Tuesday, January 22, 2008

What Can I Buy With a $200 per Month Grocery Budget?

I have mentioned in a couple of previous posts that I plan on a grocery budget of $200/month this year. This budget needs to fit the following parameters:
  • It is for one person only (I am not trying to feed a family on this budget)
  • It must include as many whole foods as possible and minimize prepackaged "food products"
  • It must include funds for household supplies (toilet paper) and toiletries (shampoo etc.)
  • It must include funds for occasionally eating out.
Is that a tall order? I don't think so. I have come across a number of posts and forums where people claim to feed a family of 4 on under $200/month (I'll have to hunt around for those links and get back to you). Some resources that have been recommended are the Grocery Game and Coupon Mom.
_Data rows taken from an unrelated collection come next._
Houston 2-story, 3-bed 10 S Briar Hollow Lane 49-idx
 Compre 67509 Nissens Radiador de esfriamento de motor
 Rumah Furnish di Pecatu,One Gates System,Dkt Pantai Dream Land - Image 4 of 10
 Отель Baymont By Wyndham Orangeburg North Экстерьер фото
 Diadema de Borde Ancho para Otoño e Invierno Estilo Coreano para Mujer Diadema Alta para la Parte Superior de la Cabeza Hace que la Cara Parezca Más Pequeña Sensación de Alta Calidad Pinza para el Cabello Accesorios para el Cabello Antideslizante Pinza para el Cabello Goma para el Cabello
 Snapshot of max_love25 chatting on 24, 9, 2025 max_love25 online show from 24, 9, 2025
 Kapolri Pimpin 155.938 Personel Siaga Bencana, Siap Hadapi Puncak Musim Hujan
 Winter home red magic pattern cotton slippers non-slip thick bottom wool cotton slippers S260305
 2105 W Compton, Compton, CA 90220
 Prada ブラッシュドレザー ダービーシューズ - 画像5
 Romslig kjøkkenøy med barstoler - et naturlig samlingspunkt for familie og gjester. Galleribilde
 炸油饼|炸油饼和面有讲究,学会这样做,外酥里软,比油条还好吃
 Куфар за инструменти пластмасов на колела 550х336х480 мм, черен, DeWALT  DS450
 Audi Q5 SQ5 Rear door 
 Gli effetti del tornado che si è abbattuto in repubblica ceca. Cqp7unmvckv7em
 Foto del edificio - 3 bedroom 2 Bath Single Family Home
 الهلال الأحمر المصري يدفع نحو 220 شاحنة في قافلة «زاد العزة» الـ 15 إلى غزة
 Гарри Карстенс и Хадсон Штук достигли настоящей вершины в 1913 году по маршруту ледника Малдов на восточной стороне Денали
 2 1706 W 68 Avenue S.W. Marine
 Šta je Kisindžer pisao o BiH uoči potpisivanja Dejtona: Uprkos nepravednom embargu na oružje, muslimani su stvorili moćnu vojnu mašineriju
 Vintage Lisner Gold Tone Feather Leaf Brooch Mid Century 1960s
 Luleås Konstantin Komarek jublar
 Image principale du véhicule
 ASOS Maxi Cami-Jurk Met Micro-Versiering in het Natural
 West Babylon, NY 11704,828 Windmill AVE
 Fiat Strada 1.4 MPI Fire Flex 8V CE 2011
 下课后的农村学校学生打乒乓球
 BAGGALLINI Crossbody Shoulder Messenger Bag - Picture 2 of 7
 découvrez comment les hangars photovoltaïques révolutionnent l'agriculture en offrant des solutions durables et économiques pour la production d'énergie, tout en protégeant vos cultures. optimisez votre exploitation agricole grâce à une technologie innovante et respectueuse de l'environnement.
I haven't used either of the services so I can't say how useful they are.

So how do I intend to pull this off?

  1. I know my eating habits and preferences.
  2. I am willing to put in the time to prepare my food at home (I think!)
  3. I am not an impulse snack shopper; I shop with a list.
Here's the breakdown for the month:


Meats: $50
Chicken/red meat: $20
Fish: $30

Vegetables: $40
Salad greens: $15
Onions: $5
Tomatoes: $5
Potatoes: $5
Misc. Seasonal Vegetables: $10

Grains/Beans/Lentils: $15 (super cheap stuff and can provide the bulk of your calories)
Rice: $5
Lentils and beans: $5
Oatmeal (old fashioned): $5

Fruits: $20
Berries: $10
Seasonal fruit: $10

Dairy: $30
Cottage cheese: $15
Plain yogurt: $15

Desserts: $10

Oil/Condiments/Spices: $10

Household Supplies: $10

Dining Out: $20

No alcohol, cigarettes, or recreational drugs needed.

When I lay out the numbers like that, it doesn't look like that's a lot of food. However, these numbers are based on actual prices from my local grocery store, and a skeleton menu plan. I didn't do any comparison shopping to find these prices.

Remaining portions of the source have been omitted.